Development

Set up environment

git clone https://github.com/opentargets/OnToma.git
python3 -m venv env
source env/bin/activate
pip install --editable .

Install development packages

python3 -m pip install --upgrade \
  build pip twine \
  pytest \
  sphinx sphinx-rtd-theme

Adding a dependency

Installation dependencies are stored in the setup.py file, in the install_requires section.

Releasing a new version

  1. Modify the version in the VERSION file.
  2. Add a tag: git tag $(cat VERSION) && git push origin --tags.
  3. Create a release on GitHub.
  4. Generate distribution archives: python3 -m build.
  5. Upload the release: python3 -m twine upload dist/*. Use the usual login and password for PyPi.

Performing a comparison benchmark

This can be used in case of major updates to OnToma algorithm to make sure they don’t break things significantly.

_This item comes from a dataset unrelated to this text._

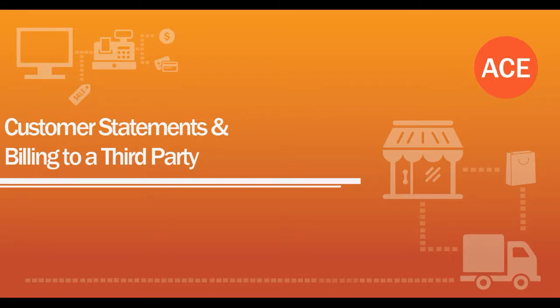In this video, we will go through how to bill to a third party with credit terms using the Customer Statement feature within ACE.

  1. Call benchmark/sample.sh to create a random sample of input strings. This will fetch 100 random records each from ClinVar, PhenoDigm, and gene2phenotype sources. Together they are thought to cover a wide range of use case well. Due to deduplication, the final file sample.txt may contain slightly less than 300 records.
  2. Optionally, to add some additional samples from PanelApp JSON file, you can do: jq 'keys[]' diseaseToEfo_results.json | tr -d '"' | shuf -n 100 >> sample.txt; sort -uf -o sample.txt sample.txt.
  3. Process the file so that the final output format is a two column TSV file with the following columns: original query; full URI for an EFO term. Do not include the header.
    • For OnToma pre-v1.0.0, use: time ontoma sample.txt - | awk -F$'\t' '{if (length($2) != 0) {print $1 "\t" $2}}' | tail -n+2 > ontoma_old.txt.
    • For OnToma v1.0.0+, use: time ontoma --cache-dir EFO_CACHE --columns query,id_full_uri <sample.txt | tail -n+2 >ontoma_new.txt.
  4. Collate the results by using benchmark/collate.py --old ontoma_old.txt --new ontoma_new.txt > benchmark_comparison.txt. Load the resulting file into Google Sheets and manually mark the mappings as good/bad/uncertain. Exact, letter to letter matches are marked as good automatically.